Editör: Erkavim Yıldırım
“Travmatik, trajik, hüzünlü sinemalar izlemek, beyin tarafından üretilen, kişiyi düzgün hissettiren ve ağrı kesici özelliği olan kimyasalların düzeylerini arttırarak, bir küme içindeki bireylerin ralarındaki bağları güçlendiriyor ve şahıslardaki ağrı tolerans düzeylerini yükseltiyor.
Böyle bir ihtimalin mümkün olup olmadığını keşfetmek için, yapılan önemli laboratuvar çalışmaları var. Bunlardan bir adedinde, çoğunlukla birbirlerini tanımayan insanlara travmatik bir sinema olan Stuart: A Life Backwards izlettirildi. Bu sinema gerçek bir hayat hikayesine dayanıyor ve engelli, evsiz, uyuşturucu ve alkol bağımlısı birininhikayesini anlatıyor.

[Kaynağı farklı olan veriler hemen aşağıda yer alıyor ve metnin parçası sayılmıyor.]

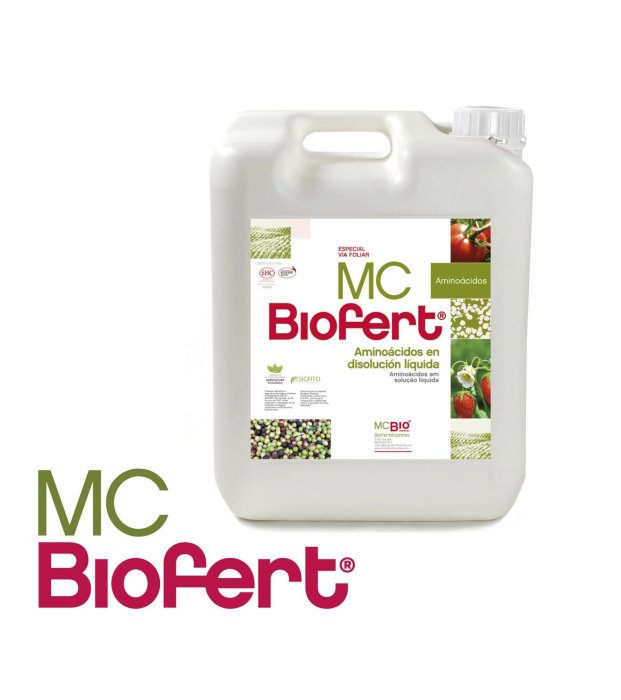 MC BIOFERTILIZANTES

Başka bir grubaysa, art geriye iki jeoloji ve arkeoloji belgeseli izlettirildi. Travmatik sineması izleyenler ortasında ağrı toleransının yüzde 13.1 oranında arttığı, buna karşılık belgesel izleyen kümedeki iştirakçilerin ağrı toleranslarının yüzde 4.6 oranında azaldığı gözlemlendi.

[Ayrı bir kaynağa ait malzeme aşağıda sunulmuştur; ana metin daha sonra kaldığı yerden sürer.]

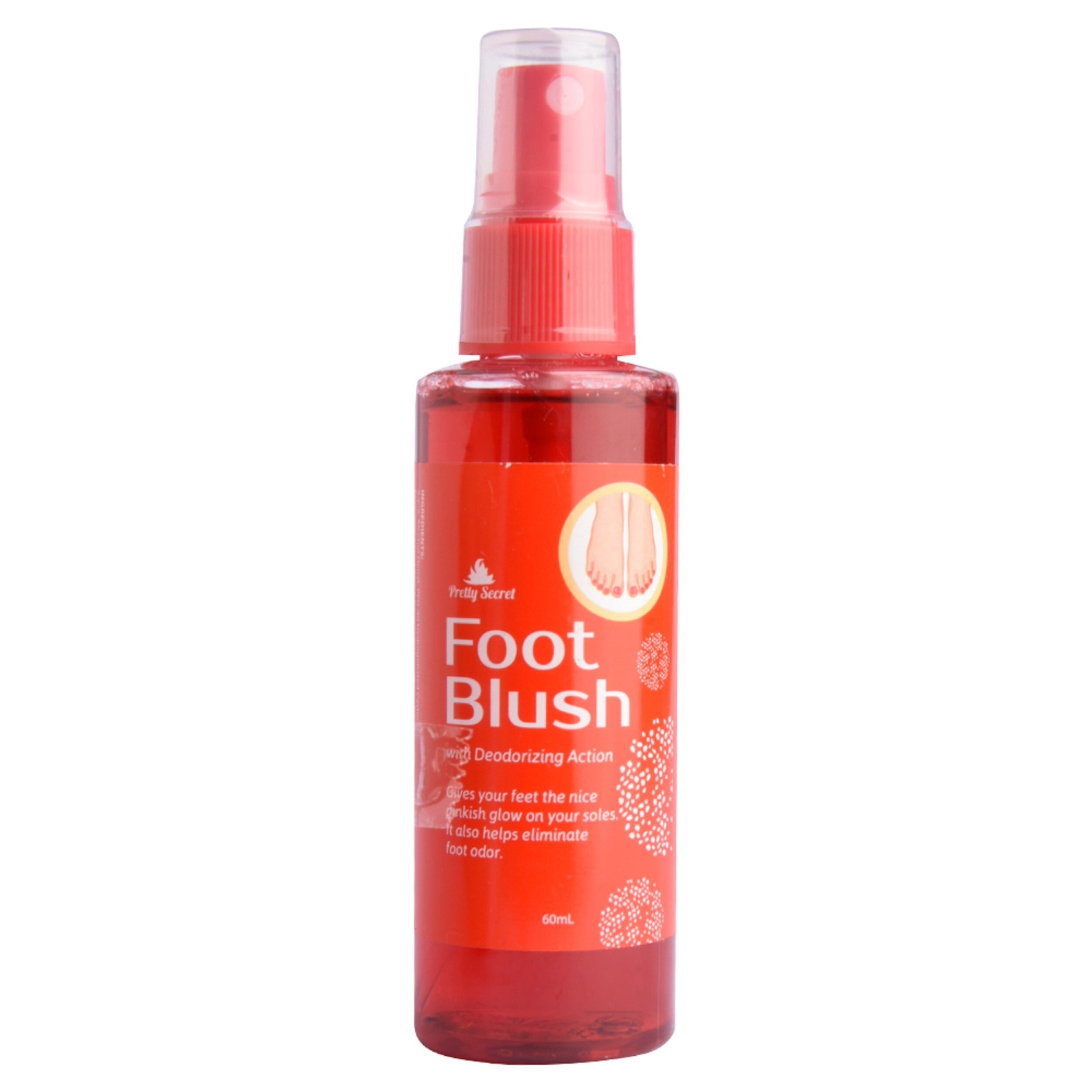 Foot Blush 60ml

Sonuç travmatik sineması izleyen kümede, denetim kümesindeki deneklere kıyasla, ağrı toleransı neredeyse yüzde 18 oranında arttı. Dahası, ağrı toleranslarında artış olan şahıslarda, küme arkadaşlarına karşı aidiyet hislerinde artış oldu. Ağlatan TV dizilerine istek Elde edilen sonuç küme içi bağlanma tesirinin yalnızca müspet hisler aracılığıyla ortaya çıkmıyor oluşu.
Bir duygusal tecrübesi beraberce yaşamak endorfin hormonlarını harekete geçiriyor ve etrafınızdaki insanlara kendinizi daha yakın hissetmeye başlıyorsunuz. Zira beynin fizikî ağrıyla başa çıkan kısımları tıpkı vakitte kişinin yaşadığı ruhsal külfetlerde da devreye giriyor.
Dramatik tv dizilerinin izlenme oranının yüksek olmasının sebeplerine de dikkat çeken Psikolog Mehmet Başkak, acıklı sinemaları daima izleyenlerin ruhsal durumuyla ilgili şu değerlendirmeyi yaptı:
“İnsanlar acıklı senaryolar ve tv dizileri üzerinden birikmiş, bastırılmış hislerini ekran karşısında verdikleri yansılarla risksiz tabir etme imkanı bulmuş oluyorlar.
Koltuğunda otururken yansılarını lisana getiriyor, ağlıyor, bunu arkadaş sohbetlerinde paylaşıyor ve böylelikle bâtın gündemlerini acıklı sinemalar üzerinden konuşmuş oluyorlar. Bu da endorfin salgılarının artmasıyla elde edilen bir ortada olma, etraftakilere kendini yakın hissetme hislerine ek bir imkan sağlamış oluyor.
Bununla bir arada, ekran karşısında daima kaygılı, dramatik acıklı sinemalar karşısında, kişinin kendi ömrüyle ilgili olumsuz tecrübeleri, hisleri ağırlaşırken, bilinçaltı süreçte buna karşı direnç ve ayakta kalma sistemi harekete geçmiş oluyor. İzleyenlerde kendi meselelerine karşı otomatik bir duyarsızlaştırmaya yol açabiliyor. Yani sorunu halledilmese bile ona karşı duyarsızlaşmak bir nevi antidepresan tesiri oluşturabiliyor.”